My 40s were amazing!    At 40, I was 3 years into what was turning out to be an amazing business partnership in a lucrative business.   I was minutes away from buying a brand new SL500 on my own!  I could go anywhere, buy anything, eat at good restaurants, and stay at the best hotels!   I had the 5 key possessions, a gold watch, expensive shoes, purse and sunglasses, the car, and oh yeah #6 the most amazing jeans!!   I worked out religiously and was fit and lean.   I also had fun.   I had good friends and good men in my life.    What was conspicuously missing was children.    In my 40s I might have had 20 something kids, but I did not. 

At a very early age I remember saying to my brother, “I am not getting married and I am not having kids”.   He did not believe me.    He was two and a half years younger than I.     Later, much later in our lives my brother is married and had 2 lovely good boys.    During this much later time my brother came to me and said “you were right, how did you know at 13 you were not getting married and not having kids?”     I don’t know how I knew, I just knew.   Kids are so observant and feel so much more than adults realize.   They are clean slates and have an inherent ability to understand right and wrong and who they are.    It gets all screwed up when neurotic adults get involved to condition them to wrong is right and right is wrong.   Anyway, I think I knew deep down that I was too selfish to raise children and that was wrong to be a selfish mother.    I think I did not understand that a child is actually a part of you like your hand or heart.    I did not understand because I was not raised that way.  Had I understood that a child was a piece of you and therefore fully entitled to you being selfish and selfless all over them I may have done things different.    This was the beginning of the “Age of Aquarius”, not literally, but it was an awakening and people especially young beautiful free people, were starting to think of themselves and buck tradition.   It was OK to not follow the scripted path.    I fell for it hook line and sinker!   I was growing up to satisfy me and me only.   

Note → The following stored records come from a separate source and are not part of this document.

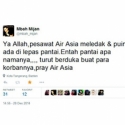 Lewat Meditasi, Mbah Mijan Bantu Cari Korban AirAsia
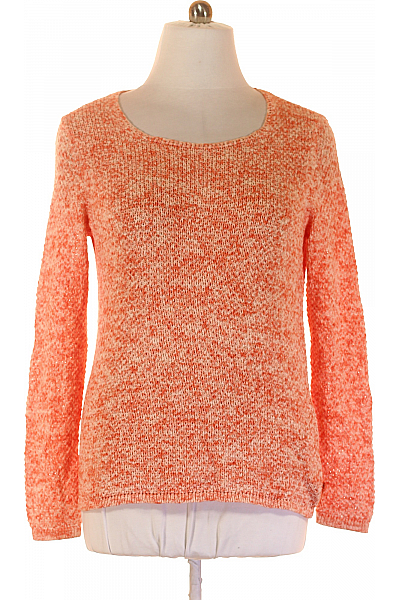 GERRY WEBER Dámský Pulovr Oranžový Second Hand Vel. 44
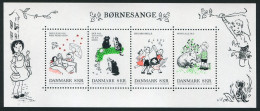 Dinamarca 2016 Correo 1843 HB **/MNH Arte / Canciones Y Rimas Infantiles Para N - Unused Stamps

No regrets, no regrets ever….. until…..  OK I still have no regrets but I was so conscious in my choices I cannot regret them and they made me who I am today and that is someone who can reflect on choices. 

So to this other blogger, I say, you are hanging around the wrong people.   You possibly are unhappy and have the regrets, even tho your life is good, but you are trying to convince yourself otherwise by writing about it.    The lady doth protest too much, methinks.”   (One of my favorite quotes.)   BUT!  Good Grief, I have never been accused of being unhappy or judged (at least not in front of me) by anyone.     My confidence knows no bounds even when I am wrong.   I am very good with myself.   I have, however, envied others with their beautiful children and watched them grow to be good kids and teens and then move on to their own lives.   I have never wanted to trade places though.    My 40s were so fun, I was still young and fresh and financially secure and in some ways beautiful (at least to me).   This was not possible when I was younger, it takes years to find your place and freedom in life.   I had it all, then.   

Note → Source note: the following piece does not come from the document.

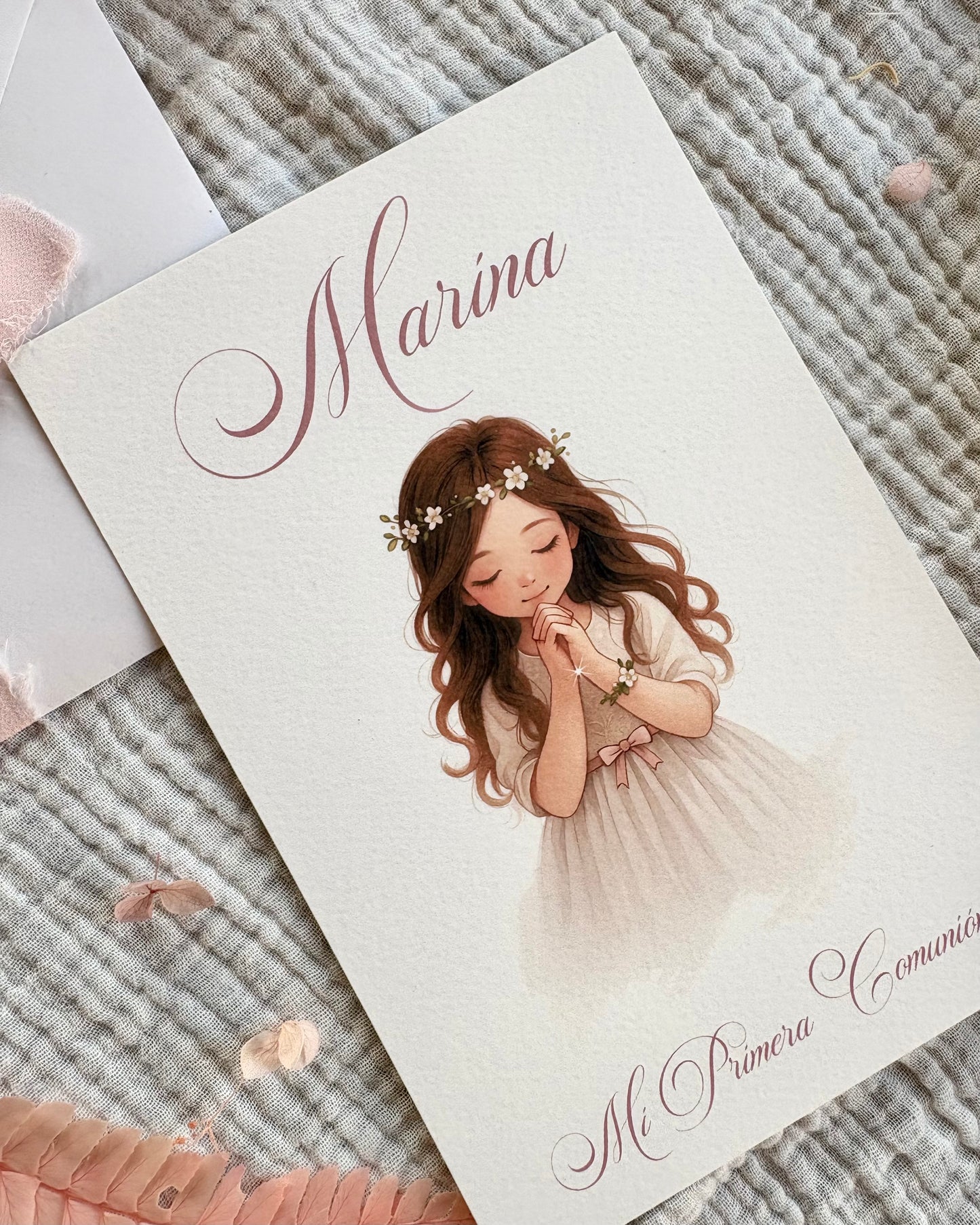 Invitación Comunión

Now in my late 50s I can reflect (without any sadness) about what it might be like to have 30 something kids and grand kids.     I think I may have missed out.    I feel more today than ever that family is everything.     I still have a wonderful life but seriously something is missing.     I am slower to get out of bed.    My travel does not include galloping a horse in a herd of Giraffe across the Masai Mara in Kenya, anymore.   I have more downtime so more time to think about what could have been.   That is the beauty of youth, we can be so busy that we never stop and truly think about things that we cannot understand at the moment but are worthy of thinking about.     How will I feel in my 60s and then 70s?   Was a wonderful life of catering simply to me worth trading for dying alone.   Only time will tell.   Those are thoughts for Future Lorelei!   HA!   I am still the same. 

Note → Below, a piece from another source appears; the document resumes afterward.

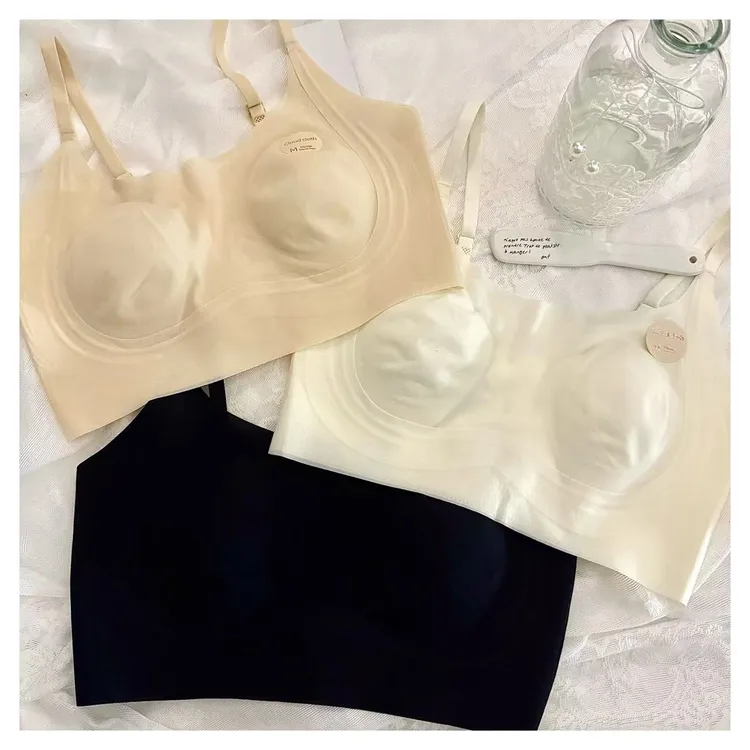 女士薄款透气后背平口美背背心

Meanwhile these are some of my thoughts, today.    What do I want to do now to make my life worth having lived.  (Children and their children are your legacy)   Who am I?   Where and how do I want to spend my last 20, 10 and 5 years??     Who will ensure that a nursing home treats me with compassion??   Anyway, no need for sadness I have some answers and I know where I am going and I am excited about the future (yes still).    I have plans but no regrets.   I had to be me in order to be me.